> **Your goal**
Set down each record exactly. Omit the pictures.
═════ Supplied data ═════
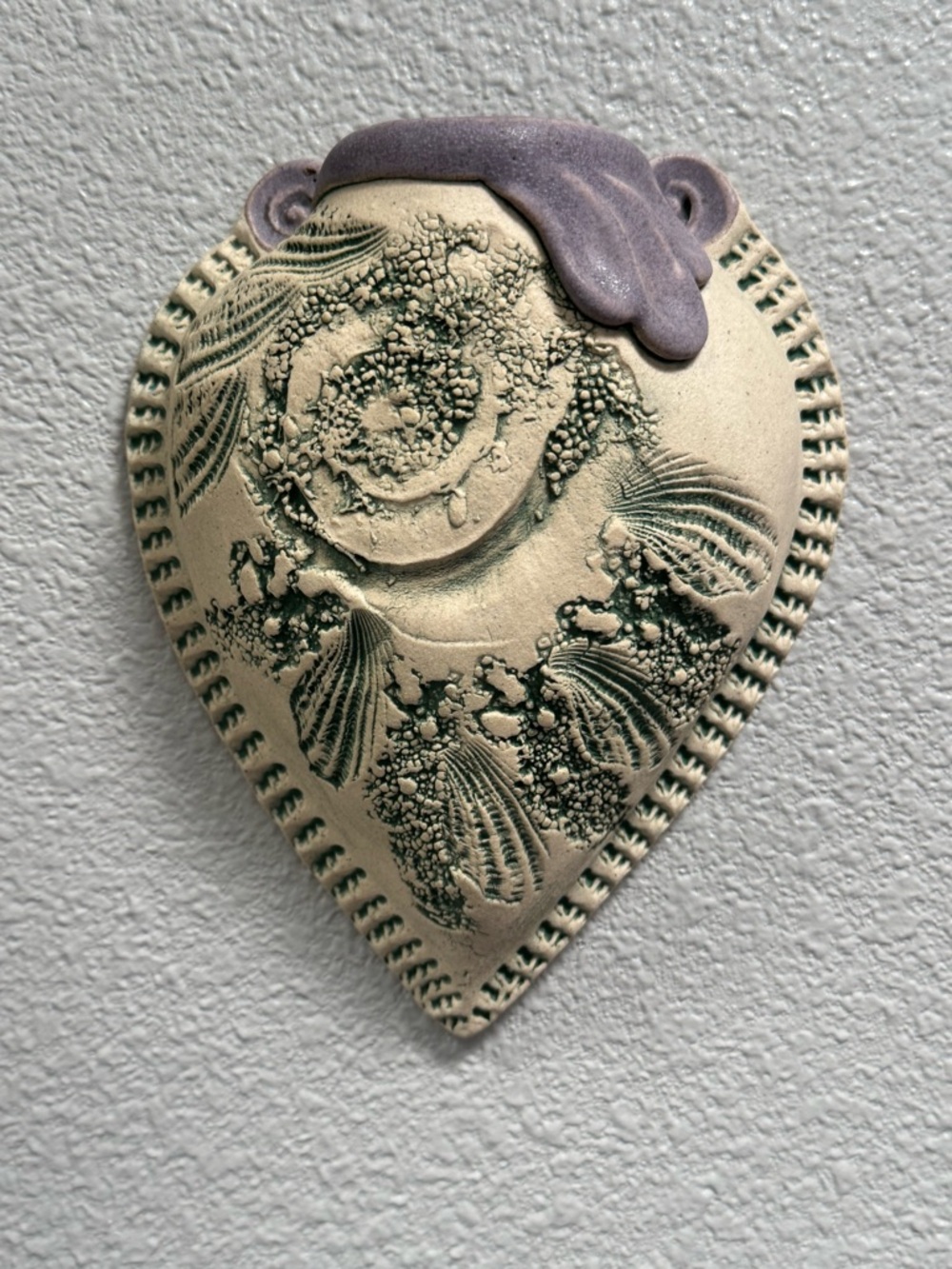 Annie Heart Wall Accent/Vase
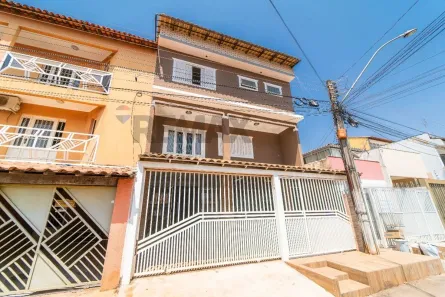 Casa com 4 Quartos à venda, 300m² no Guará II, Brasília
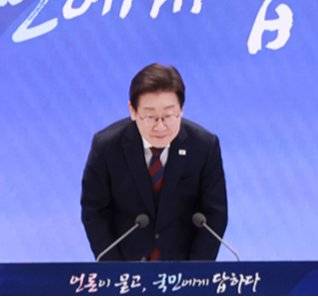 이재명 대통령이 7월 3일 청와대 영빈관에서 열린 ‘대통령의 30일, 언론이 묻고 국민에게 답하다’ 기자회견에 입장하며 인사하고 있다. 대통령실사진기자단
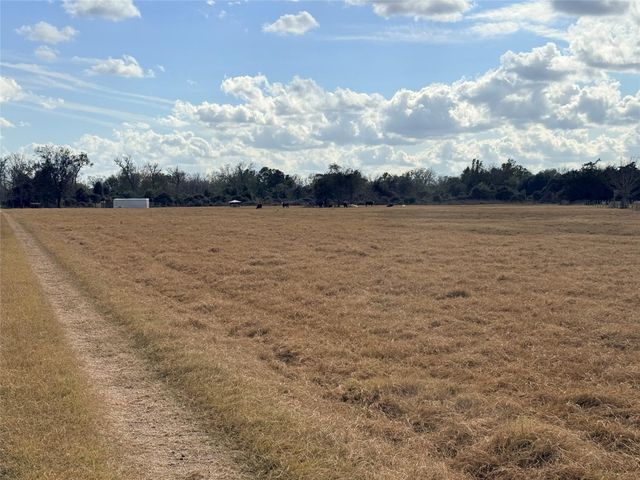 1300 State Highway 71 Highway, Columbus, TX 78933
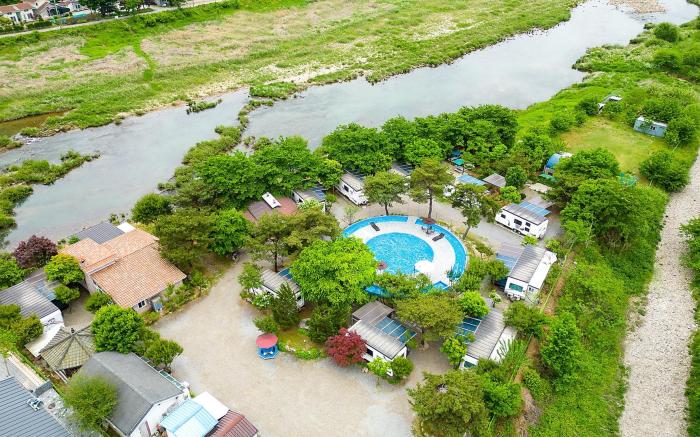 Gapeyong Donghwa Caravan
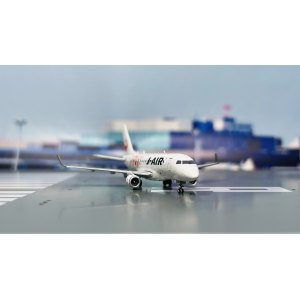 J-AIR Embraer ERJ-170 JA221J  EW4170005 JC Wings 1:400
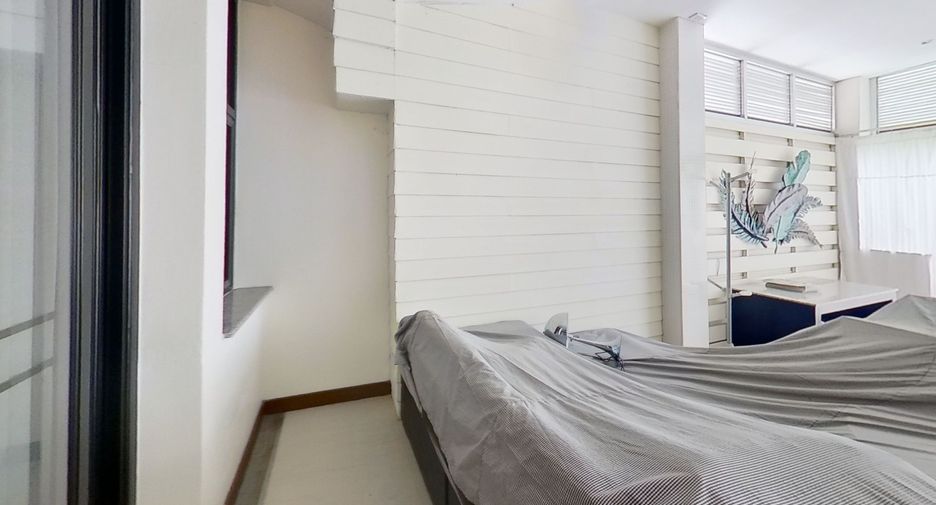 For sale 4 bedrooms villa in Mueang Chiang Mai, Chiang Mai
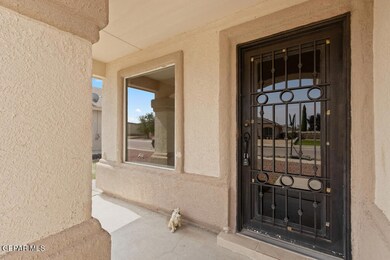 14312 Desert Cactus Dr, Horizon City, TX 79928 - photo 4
═════
> **Finished task**
 Annie Heart Wall Accent/Vase
 Casa com 4 Quartos à venda, 300m² no Guará II, Brasília
 이재명 대통령이 7월 3일 청와대 영빈관에서 열린 ‘대통령의 30일, 언론이 묻고 국민에게 답하다’ 기자회견에 입장하며 인사하고 있다. 대통령실사진기자단
 1300 State Highway 71 Highway, Columbus, TX 78933
 Gapeyong Donghwa Caravan
 J-AIR Embraer ERJ-170 JA221J  EW4170005 JC Wings 1:400
 For sale 4 bedrooms villa in Mueang Chiang Mai, Chiang Mai
 14312 Desert Cactus Dr, Horizon City, TX 79928 - photo 4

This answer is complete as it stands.